Physicochemical and functional assessment of messenger RNA 5'Cap-end impurities under forced degradation conditions.

The 5'Cap is a modified nucleotide structure added to the 5'end of mRNA, which plays a critical role in stability and translation of the molecule. Accurate characterization of 5'Cap impurities is crucial during development of mRNA therapeutics. Here, we utilized orthogonal liquid chromatography-mass spectrometry (LC-MS) workflows to characterize Cap-1-modified mRNA. A complex mixture of uncapped and, notably, 5'Cap chemical degradation variants, was detected. We subjected Cap-1 analogs to process-related forced degradation conditions and characterized multiple degradation routes of the 5'Cap structure, including hydrolysis and depurination. 5'Cap hydrolysis was observed in a representative in vitro transcription (IVT) reaction buffer and was driven by factors including pH, temperature, and the presence of spermidine and MgCl(2).
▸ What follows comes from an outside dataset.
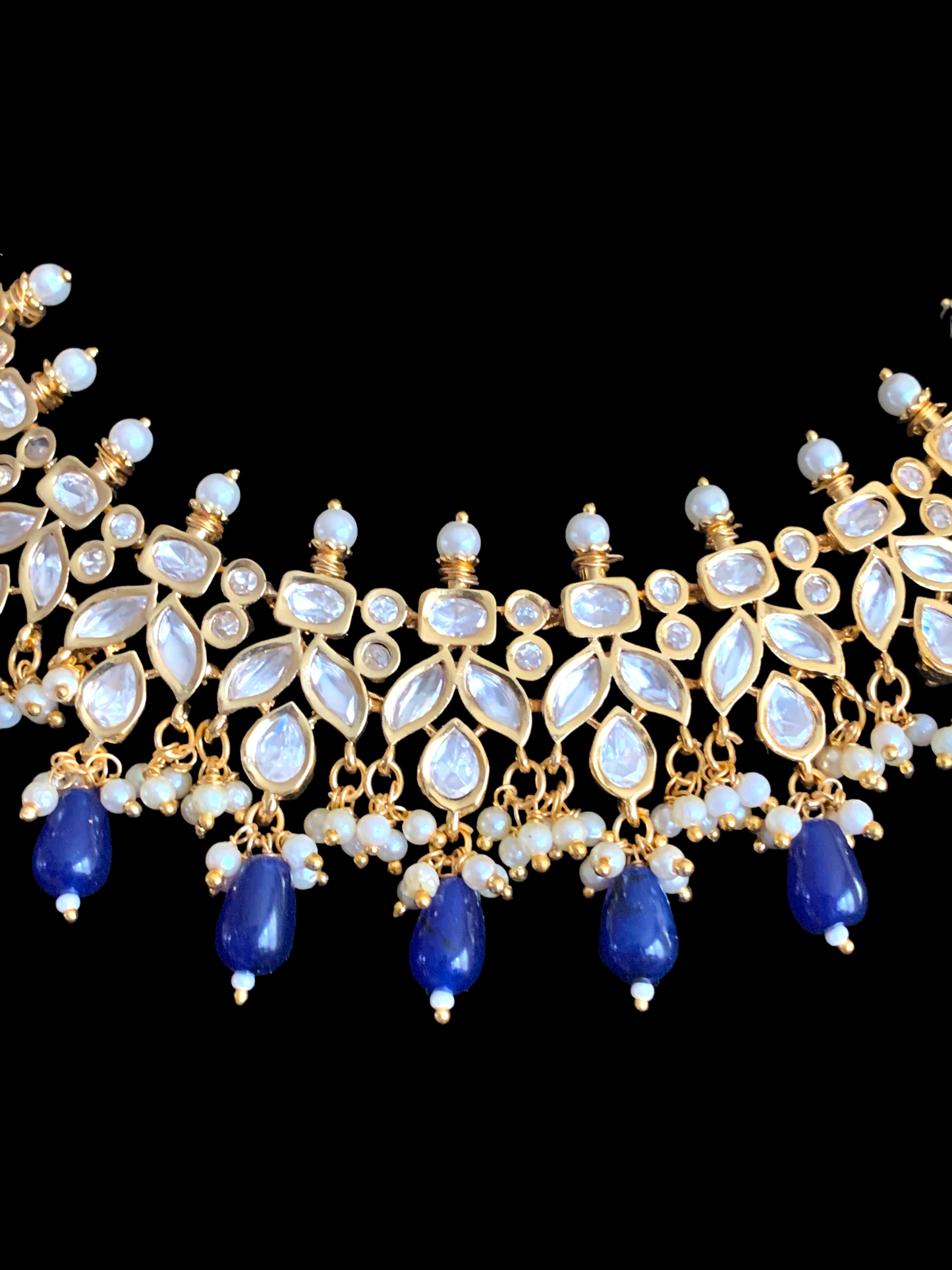 NS355 high quality polki necklace in pearls and blue beads ( READY TO SHIP)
Method-induced artifactual degradation occurred during LC-MS data acquisition, emphasizing the importance of using reference standards and optimizing methods to reduce such artifacts. We investigated the effect of 5'Cap degradation on expression and reactogenicity in vitro using model mRNAs with elevated impurity levels. mRNA 5'Cap degradation impurities significantly impacted protein expression but did not trigger innate immune response pathways. 5'Cap degradation impurities should be considered as a critical quality attribute of mRNA therapeutics and should be monitored during production, purification, formulation, and storage.